Le hip-hop a toujours abrité, en son sein, son propre contraire. Aujourd'hui même qu'il semble glorifier, plus que jamais, l'ignorance et la sauvagerie, une version plus littéraire et plus réfléchie perdure. Quand certains préfèrent jouer de la punchline, d'autres privilégient le sens. Alors que des rappeurs ne jurent plus que par leur swag, les autres se montrent plus discrets, ils se contentent d'une apparence plus passe-partout, plus anodine. Au party rap électronique, répond un autre, plus influencé par le rock. Aux synthés clinquants s'opposent des beats plus composés, riches en samples et en partie jouées avec de "vrais" instruments.

ARCHETYPE - Red Wedding

Dekagon Records :: 2012 :: acheter cet album

Cet autre rap n'est pas toujours meilleur que le premier. A dire vrai, c'est même bien souvent le contraire, la respectabilité étant, de manière générale, la compagne la plus fidèle de l'ennui. Mais certains savent tirer leur épingle du jeu, comme Jeremy Nesbitt (alias Nezbeat) et Isaac Diehl (alias iD), deux Blancs qui forment ensemble Archetype. Originaire de Lawrence, Kansas, le duo a sorti par ses propres moyens quelques albums notables, comme Freehand Formula en 2002, Bleed for Them en 2006 et, en 2012, ce Red Wedding qui devrait être leur dernier, les deux hommes ayant choisi de mettre fin à leurs aventures communes.

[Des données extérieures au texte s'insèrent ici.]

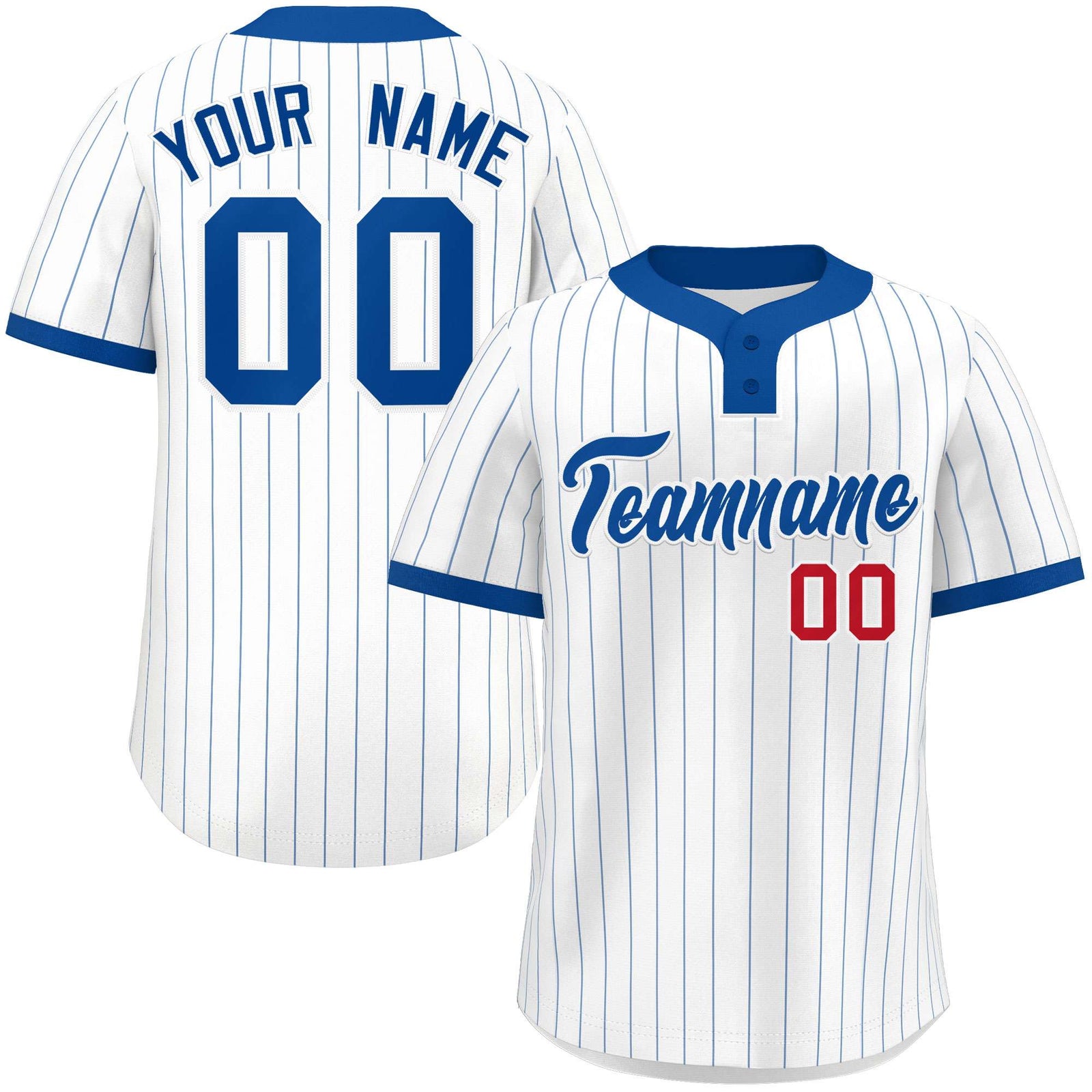 Custom White Royal Stripe Fashion Authentic Two-Button Softball Jersey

Sur ce disque ambitieux qu'ils ont mis cinq années à concevoir, avec le renfort décisif de musiciens locaux, la duo a accordé un soin particulier à la composition, notamment aux structures rythmiques, diverses et sophistiquées. Bien loin de la dictature de la boucle, ce sont des agencements subtils qu'il a privilégiés, des titres dont le son est capable d'évoluer et de changer du tout au tout, en cours de route, comme avec "Dr. Bravo", où les guitares bruyantes du début cèdent soudainement la place à des cuivres, avant que les deux instrus ne se confondent.

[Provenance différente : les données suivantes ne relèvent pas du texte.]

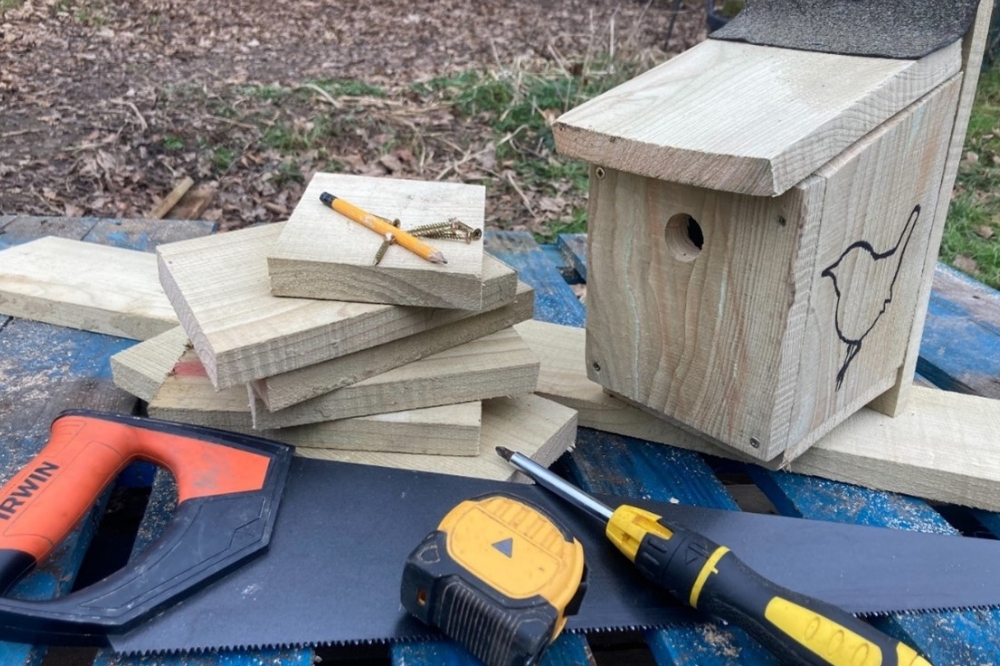 A selection of wooden bird box making materials and tools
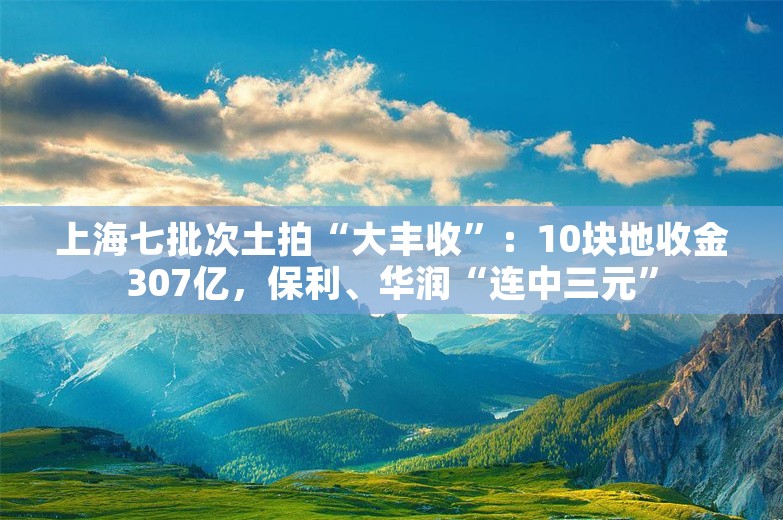 上海七批次土拍“大丰收”：10块地收金307亿，保利、华润“连中三元”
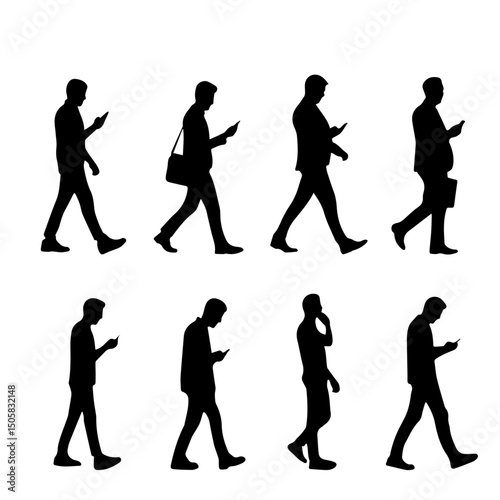 Man walking while using a smartphone silhouettes illustration set Pro Vector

Ce titre est celui qui, sur Red Wedding, se rapproche le plus d'un single. Mais il n'est pas le plus marquant. L'attraction principale, ici, ce sont plutôt les chœurs féminins vaporeux, les percussions saccadées et la guitare diaphane de "Look Away", cette réflexion sur le retour perpétuel des mêmes problèmes et des mêmes chagrins qu'est "Same Ol Tears", où se succèdent flûte, violons et une nouvelle guitare, électrique et sourde, et ce "Winding Mind", qui conjugue un vibraphone à une mélodie aux accents médiévaux. Ce sont ces titres qui, les premiers, honorent la promesse de recherche et de musicalité qui nous est faite par Archetype.